§ **COLLECTED DATA**
* * * * * * *
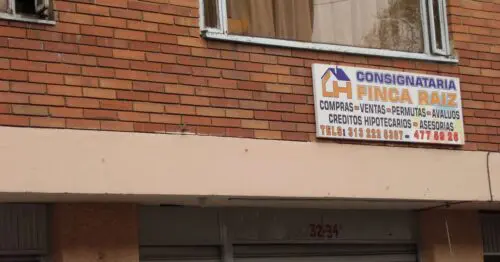 CH CONSIGNATARIA FINCA RAIZ CH CONSIGNATARIA FINCA RAIZ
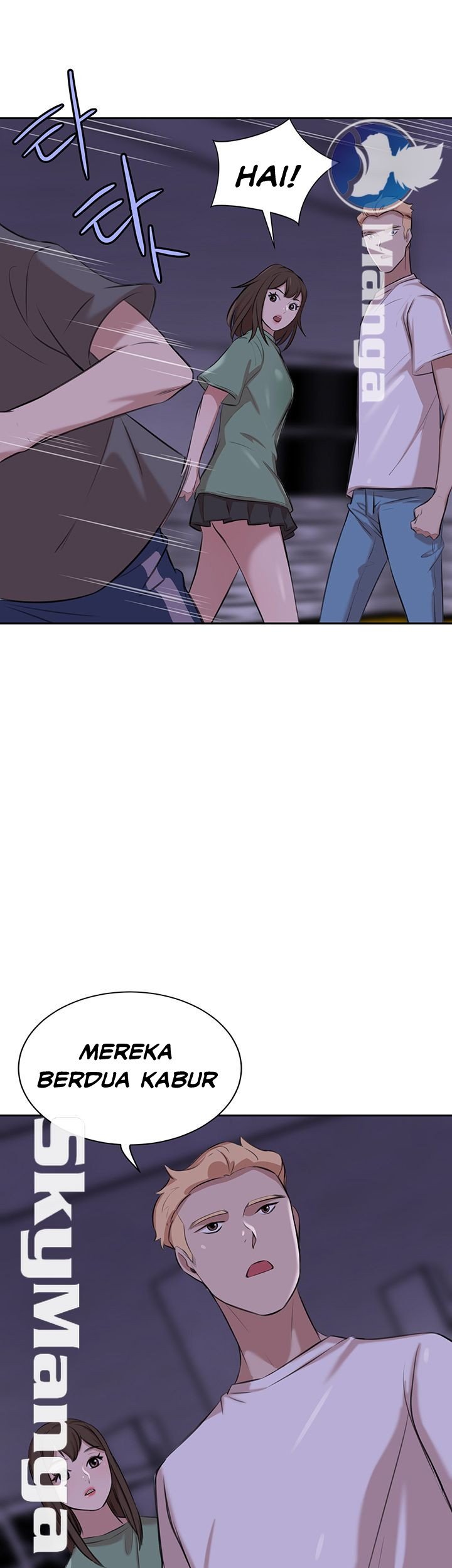 Puberty - Chapter 17 21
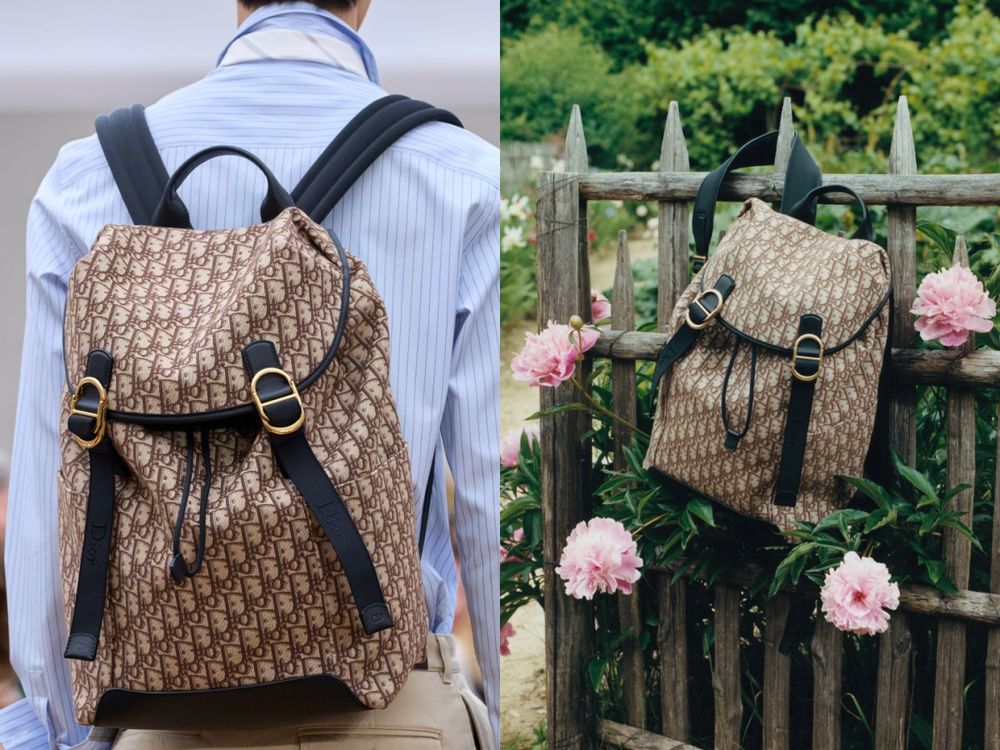 Dior根本就是男神「專屬衣櫃」！鉉辰、玟奎都愛這雙運動鞋！最新包王竟是這顆托特包！-5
* * * * * * *
§ **AIM OF THE TASK**
Transcribe exactly the line containing "Puberty - Chapter 17 21" and every line after it through the end of the listing above; pictures are not part of the copy.

§ **SOLUTION TO THIS PROBLEM**
 Puberty - Chapter 17 21
 Dior根本就是男神「專屬衣櫃」！鉉辰、玟奎都愛這雙運動鞋！最新包王竟是這顆托特包！-5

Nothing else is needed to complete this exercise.